Payment, telecom, app, and platform rules can change. Verify policy-sensitive details with the provider or official source before making expensive plans.
Visual explainer
240-Hour Transit Structure
Transit without visa is a route rule, not a generic short-stay shortcut. The key branches are eligible nationality, participating port, onward travel to a third country or region, and staying inside the permitted area.
Short answer
The NIA rule is narrow but usable when your itinerary fits it exactly. You need citizenship from one of the eligible countries, a valid international travel document, a confirmed onward ticket to a third country or region, entry through an approved port, and a stay inside the permitted transit area for no more than 240 hours.
If any one of those pieces breaks, the whole transit plan can collapse. This is why 240-hour transit is not a good route for travelers who are guessing, changing plans on the fly, or relying on a check-in agent to interpret the rule generously.
Who this applies to
This route is for true transit travelers, not for anyone who simply wants a short China vacation without thinking about the onward segment. The NIA notice says travelers must be heading to a third country or region, which means the place after mainland China cannot be the same place they came from.
It also applies only through listed ports and only within the allowed stay areas. The policy became broader in 2025 and 2026, but it is still a geography-specific program rather than a free-form tourist entry.
How the rule actually works
Think of the structure as A -> mainland China -> B, where B is a different country or region from A. Hong Kong, Macao, and Taiwan are treated as separate regions for this purpose. A simple out-and-back to the same country does not qualify as transit without visa.
The 240 hours are not a general national roaming right. You are admitted into designated areas tied to the ports and provinces in the policy notice, and you should not assume you can improvise a cross-country detour that falls outside the allowed region.
What can disqualify you
The biggest disqualifiers are the wrong country pair, no confirmed seat out of China, the wrong entry port, or a passport that does not meet the document-validity rule. The NIA notice requires a valid international travel document and an interline or onward ticket with specified date and arrangements.
Another failure point is airline interpretation. Some travelers report that separate tickets or unusual routings create extra friction at boarding. Even when immigration would likely accept the plan, the airline may want cleaner evidence before letting you on the aircraft.
What to prepare before booking
Before paying, map the route exactly: arrival port, permitted stay area, onward destination, and departure within the 240-hour window. Then save the current NIA notice and your confirmed onward booking with seat assignment or equivalent ticket evidence.

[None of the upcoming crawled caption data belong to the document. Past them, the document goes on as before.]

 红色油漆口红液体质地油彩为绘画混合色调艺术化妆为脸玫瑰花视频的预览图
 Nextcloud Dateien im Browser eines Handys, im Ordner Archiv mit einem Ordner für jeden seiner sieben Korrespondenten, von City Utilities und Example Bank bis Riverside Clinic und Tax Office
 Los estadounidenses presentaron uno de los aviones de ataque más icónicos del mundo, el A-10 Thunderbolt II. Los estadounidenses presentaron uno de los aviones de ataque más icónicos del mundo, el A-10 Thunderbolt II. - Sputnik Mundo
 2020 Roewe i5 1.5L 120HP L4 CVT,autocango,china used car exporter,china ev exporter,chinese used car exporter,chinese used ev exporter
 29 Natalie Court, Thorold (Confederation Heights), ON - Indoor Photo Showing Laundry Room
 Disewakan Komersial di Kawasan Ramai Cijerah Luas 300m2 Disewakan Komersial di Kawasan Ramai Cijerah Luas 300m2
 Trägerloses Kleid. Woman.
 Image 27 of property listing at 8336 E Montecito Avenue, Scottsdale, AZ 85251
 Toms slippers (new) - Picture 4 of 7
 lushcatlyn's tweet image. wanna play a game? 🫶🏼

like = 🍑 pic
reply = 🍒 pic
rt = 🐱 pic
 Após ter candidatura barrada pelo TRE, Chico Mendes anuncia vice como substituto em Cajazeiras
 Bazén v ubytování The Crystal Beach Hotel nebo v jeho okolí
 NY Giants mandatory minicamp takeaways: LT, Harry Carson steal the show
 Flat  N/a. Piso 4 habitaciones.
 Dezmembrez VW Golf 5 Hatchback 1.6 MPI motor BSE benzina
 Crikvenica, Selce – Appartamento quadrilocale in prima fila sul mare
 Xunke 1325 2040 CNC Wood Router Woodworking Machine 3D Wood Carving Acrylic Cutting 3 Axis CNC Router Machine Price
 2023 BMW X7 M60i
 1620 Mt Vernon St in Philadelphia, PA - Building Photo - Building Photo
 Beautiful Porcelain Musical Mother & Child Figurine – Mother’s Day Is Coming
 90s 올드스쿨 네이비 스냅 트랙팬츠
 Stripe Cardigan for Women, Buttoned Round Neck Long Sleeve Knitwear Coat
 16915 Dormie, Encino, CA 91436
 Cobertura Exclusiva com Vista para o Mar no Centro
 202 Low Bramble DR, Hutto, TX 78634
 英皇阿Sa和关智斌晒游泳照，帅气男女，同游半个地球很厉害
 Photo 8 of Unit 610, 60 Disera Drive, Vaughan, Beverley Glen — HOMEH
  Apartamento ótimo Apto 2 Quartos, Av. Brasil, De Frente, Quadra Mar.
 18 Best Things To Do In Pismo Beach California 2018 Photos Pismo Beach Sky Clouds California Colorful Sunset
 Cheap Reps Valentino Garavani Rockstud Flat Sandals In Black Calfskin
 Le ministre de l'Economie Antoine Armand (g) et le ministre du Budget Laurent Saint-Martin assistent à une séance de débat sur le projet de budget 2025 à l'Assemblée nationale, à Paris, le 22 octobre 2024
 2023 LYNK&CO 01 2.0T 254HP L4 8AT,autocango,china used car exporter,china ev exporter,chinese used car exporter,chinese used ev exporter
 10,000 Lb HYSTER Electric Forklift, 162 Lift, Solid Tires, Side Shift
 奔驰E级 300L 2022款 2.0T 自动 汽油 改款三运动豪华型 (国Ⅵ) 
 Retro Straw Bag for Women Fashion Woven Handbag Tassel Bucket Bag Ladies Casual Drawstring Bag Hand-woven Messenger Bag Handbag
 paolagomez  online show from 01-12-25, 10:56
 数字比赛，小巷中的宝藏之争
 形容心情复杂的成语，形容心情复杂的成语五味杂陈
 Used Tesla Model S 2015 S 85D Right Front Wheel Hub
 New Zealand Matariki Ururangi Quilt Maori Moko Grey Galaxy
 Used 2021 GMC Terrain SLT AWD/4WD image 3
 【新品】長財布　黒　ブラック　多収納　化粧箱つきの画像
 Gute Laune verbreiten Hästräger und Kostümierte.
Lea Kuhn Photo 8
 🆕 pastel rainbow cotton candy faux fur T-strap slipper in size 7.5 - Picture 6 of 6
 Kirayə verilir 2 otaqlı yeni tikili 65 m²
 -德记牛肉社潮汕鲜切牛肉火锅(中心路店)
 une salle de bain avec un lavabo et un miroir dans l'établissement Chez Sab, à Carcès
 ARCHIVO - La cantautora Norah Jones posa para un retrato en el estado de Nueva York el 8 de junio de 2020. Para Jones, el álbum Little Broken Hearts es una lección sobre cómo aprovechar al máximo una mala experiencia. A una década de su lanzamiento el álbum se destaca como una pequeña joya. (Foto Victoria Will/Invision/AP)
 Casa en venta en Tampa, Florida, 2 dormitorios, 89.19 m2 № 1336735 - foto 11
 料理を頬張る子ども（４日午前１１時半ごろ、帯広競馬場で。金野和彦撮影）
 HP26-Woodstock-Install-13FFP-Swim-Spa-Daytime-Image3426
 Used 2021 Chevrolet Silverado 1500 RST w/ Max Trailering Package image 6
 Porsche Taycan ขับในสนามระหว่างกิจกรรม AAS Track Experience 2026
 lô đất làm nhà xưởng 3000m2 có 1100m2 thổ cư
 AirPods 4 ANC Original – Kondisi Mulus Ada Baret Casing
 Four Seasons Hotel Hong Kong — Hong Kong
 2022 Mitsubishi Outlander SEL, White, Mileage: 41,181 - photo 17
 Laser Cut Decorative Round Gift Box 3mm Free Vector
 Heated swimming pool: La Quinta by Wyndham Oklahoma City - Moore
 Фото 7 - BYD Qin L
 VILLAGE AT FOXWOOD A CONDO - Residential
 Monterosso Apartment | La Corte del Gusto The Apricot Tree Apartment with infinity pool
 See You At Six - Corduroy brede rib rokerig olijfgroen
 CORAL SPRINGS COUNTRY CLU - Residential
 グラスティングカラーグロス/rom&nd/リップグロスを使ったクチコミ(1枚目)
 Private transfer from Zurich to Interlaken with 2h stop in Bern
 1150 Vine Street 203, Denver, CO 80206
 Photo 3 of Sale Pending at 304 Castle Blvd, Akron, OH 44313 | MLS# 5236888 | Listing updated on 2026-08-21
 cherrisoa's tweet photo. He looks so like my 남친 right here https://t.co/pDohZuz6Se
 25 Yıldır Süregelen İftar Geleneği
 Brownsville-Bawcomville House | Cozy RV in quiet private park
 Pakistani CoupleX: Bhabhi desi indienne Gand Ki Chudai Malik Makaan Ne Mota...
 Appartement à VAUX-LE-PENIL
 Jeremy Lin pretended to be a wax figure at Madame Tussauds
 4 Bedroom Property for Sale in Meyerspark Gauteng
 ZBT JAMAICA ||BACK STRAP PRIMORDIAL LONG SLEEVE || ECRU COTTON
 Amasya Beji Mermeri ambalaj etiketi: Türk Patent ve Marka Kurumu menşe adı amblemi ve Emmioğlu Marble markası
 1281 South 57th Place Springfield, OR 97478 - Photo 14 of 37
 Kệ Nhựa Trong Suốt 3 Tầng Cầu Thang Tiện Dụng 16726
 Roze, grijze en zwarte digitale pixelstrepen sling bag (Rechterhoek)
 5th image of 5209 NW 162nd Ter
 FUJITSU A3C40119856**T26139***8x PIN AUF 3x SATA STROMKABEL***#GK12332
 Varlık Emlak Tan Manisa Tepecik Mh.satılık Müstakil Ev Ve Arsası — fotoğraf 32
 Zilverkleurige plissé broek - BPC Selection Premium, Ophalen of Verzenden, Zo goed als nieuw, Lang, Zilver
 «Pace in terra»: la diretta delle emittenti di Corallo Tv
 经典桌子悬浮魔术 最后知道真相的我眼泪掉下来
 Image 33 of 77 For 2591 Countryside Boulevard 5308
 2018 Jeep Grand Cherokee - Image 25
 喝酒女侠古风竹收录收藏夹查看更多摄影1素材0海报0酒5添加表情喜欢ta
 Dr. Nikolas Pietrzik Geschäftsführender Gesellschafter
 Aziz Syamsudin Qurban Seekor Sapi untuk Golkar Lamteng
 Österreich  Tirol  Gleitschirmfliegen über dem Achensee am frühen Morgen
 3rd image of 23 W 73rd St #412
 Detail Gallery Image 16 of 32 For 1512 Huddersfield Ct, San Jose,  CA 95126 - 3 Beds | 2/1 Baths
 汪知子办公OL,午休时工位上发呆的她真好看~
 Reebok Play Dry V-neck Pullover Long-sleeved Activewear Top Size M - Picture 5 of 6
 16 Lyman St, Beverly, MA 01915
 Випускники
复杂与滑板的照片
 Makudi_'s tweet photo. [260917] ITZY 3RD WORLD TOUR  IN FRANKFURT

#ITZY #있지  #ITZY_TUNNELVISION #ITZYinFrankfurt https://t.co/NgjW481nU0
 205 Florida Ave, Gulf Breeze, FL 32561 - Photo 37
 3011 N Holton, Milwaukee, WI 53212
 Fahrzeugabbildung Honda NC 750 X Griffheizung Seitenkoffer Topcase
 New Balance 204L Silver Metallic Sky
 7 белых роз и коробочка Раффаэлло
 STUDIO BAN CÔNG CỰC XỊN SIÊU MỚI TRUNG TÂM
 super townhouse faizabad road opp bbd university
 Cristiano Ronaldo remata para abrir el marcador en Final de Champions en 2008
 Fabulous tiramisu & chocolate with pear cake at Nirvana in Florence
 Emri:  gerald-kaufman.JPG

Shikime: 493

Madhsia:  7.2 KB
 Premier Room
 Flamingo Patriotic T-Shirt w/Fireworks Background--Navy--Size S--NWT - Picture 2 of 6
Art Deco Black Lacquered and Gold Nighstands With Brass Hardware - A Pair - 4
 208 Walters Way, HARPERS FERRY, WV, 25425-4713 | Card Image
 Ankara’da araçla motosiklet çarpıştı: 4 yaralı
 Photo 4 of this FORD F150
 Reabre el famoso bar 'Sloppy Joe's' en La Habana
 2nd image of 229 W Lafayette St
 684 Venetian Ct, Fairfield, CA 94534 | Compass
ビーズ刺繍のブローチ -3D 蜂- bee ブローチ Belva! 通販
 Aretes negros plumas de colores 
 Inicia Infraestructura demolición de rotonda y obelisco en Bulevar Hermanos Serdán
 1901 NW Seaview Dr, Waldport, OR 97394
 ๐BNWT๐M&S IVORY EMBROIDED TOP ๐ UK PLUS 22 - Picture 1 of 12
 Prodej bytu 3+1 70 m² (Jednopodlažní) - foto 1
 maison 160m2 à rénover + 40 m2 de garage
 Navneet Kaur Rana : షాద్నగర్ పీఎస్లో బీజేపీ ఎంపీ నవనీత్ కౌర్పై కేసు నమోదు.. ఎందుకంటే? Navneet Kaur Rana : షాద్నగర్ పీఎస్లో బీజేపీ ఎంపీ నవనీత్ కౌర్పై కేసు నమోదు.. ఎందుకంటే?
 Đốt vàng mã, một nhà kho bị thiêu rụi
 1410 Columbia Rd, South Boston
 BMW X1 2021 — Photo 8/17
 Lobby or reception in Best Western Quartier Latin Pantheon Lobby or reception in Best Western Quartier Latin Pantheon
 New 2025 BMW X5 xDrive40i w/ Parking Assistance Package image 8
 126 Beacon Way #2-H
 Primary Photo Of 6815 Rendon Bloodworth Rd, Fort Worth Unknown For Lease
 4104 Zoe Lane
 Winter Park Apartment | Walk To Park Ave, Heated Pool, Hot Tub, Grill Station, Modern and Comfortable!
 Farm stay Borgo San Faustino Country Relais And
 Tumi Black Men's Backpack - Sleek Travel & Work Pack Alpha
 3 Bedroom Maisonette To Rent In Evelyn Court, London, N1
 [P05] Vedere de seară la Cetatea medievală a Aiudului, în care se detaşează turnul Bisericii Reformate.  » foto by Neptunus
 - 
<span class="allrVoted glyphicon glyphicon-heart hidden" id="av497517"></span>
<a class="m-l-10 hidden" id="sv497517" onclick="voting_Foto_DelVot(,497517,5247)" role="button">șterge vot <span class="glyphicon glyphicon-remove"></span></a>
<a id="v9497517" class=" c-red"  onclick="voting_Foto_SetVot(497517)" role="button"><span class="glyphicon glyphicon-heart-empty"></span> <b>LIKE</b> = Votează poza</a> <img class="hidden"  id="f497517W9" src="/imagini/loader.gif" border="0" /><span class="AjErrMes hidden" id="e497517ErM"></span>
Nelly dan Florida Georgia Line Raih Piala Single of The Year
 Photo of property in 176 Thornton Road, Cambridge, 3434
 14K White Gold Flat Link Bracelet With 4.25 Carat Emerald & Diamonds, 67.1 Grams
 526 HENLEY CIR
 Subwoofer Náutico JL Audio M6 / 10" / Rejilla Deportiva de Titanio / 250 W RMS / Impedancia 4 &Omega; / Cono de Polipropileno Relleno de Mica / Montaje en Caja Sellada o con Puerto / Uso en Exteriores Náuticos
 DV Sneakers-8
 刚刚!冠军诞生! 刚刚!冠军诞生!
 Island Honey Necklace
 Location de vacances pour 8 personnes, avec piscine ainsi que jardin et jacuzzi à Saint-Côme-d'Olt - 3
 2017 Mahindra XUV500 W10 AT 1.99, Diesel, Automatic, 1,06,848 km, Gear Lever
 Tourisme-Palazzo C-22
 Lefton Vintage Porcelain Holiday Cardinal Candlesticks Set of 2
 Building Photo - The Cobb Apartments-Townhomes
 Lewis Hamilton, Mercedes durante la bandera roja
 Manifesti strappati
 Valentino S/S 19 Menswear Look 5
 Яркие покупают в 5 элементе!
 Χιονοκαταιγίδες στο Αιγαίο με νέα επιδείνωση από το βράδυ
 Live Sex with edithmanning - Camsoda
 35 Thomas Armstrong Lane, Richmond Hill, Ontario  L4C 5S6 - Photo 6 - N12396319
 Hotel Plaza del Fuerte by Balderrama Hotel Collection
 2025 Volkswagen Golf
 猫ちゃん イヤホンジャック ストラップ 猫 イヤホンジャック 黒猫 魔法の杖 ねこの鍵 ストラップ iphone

Carry hotel bookings, local address details, and a copy of the third-country entry basis if that onward destination has its own visa rule. The Chinese transit rule does not solve your eligibility to enter the next place.
What travelers still get wrong
The most common misunderstanding is treating any stop in Hong Kong or any layover elsewhere as automatically good enough. The real test is whether your itinerary forms a genuine transit to a different country or region after mainland China and stays inside the policy geography.
Travelers also forget that this policy is operational, not theoretical. If your itinerary needs a five-minute legal explanation at the airport, you should assume it is too fragile and either simplify the route or get a proper visa.